### Raw data
#####
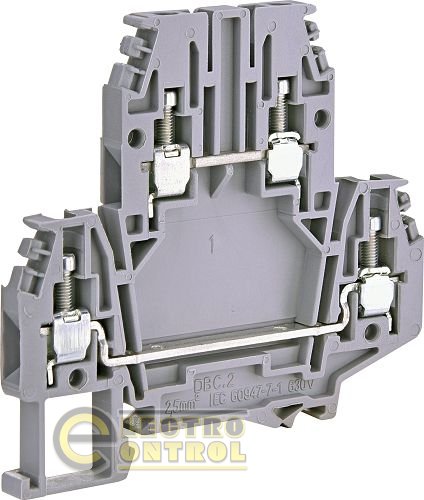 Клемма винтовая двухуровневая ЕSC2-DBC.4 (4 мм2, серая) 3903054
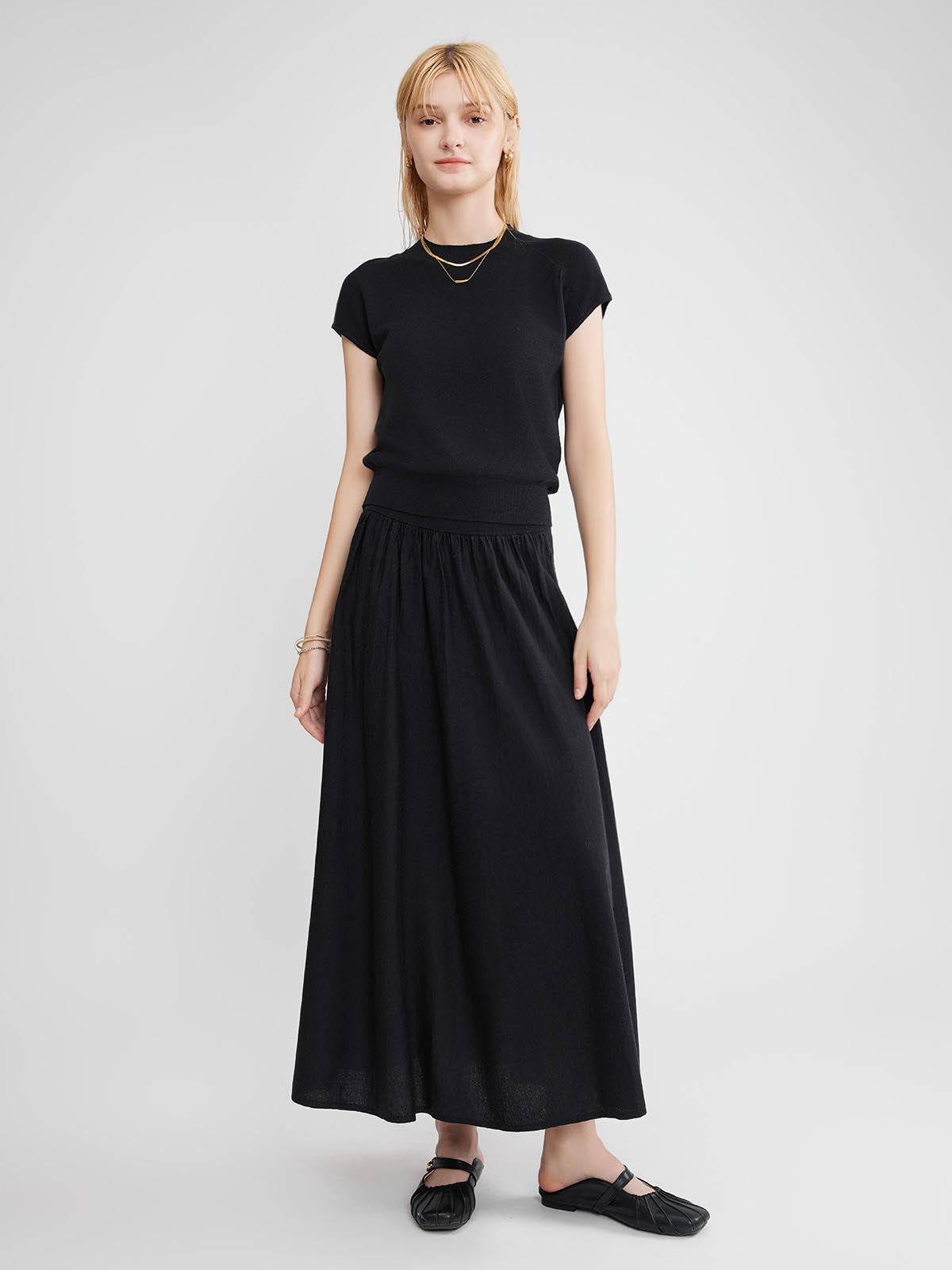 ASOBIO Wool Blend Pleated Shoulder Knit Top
#####
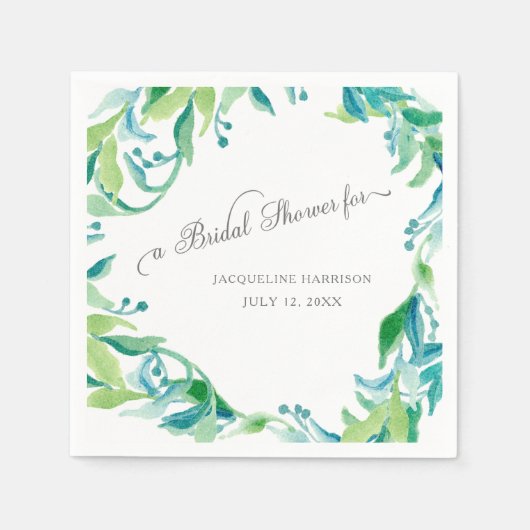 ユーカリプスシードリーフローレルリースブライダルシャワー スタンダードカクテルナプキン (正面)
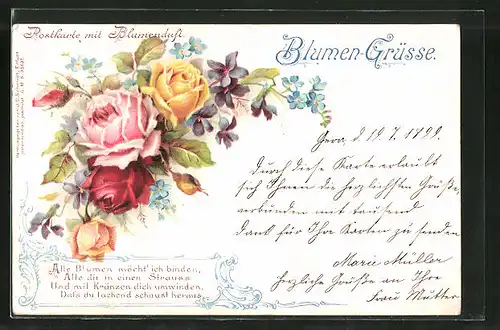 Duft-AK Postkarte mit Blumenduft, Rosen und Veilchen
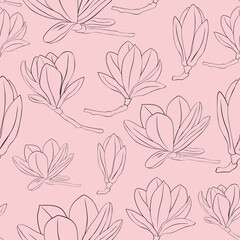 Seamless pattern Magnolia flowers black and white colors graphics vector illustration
#####
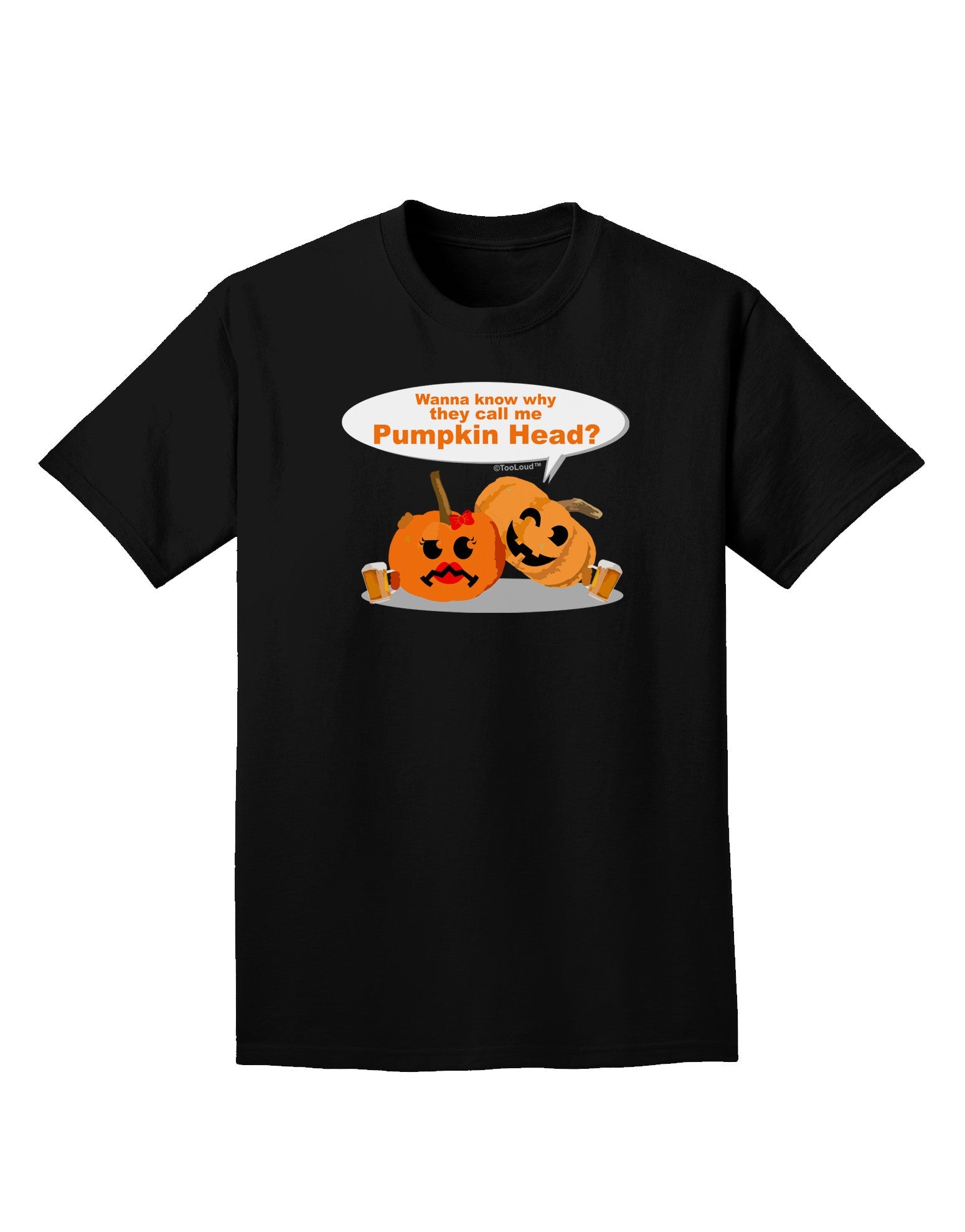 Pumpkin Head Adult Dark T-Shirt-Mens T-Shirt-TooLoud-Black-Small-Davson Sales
#####
### Work required
Restate the lines above from the one containing "Клемма винтовая двухуровневая" through the one containing "ASOBIO Wool Blend Pleated Shoulder Knit Top", inclusive, exactly and without pictures.

### Solved problem
 Клемма винтовая двухуровневая ЕSC2-DBC.4 (4 мм2, серая) 3903054
 ASOBIO Wool Blend Pleated Shoulder Knit Top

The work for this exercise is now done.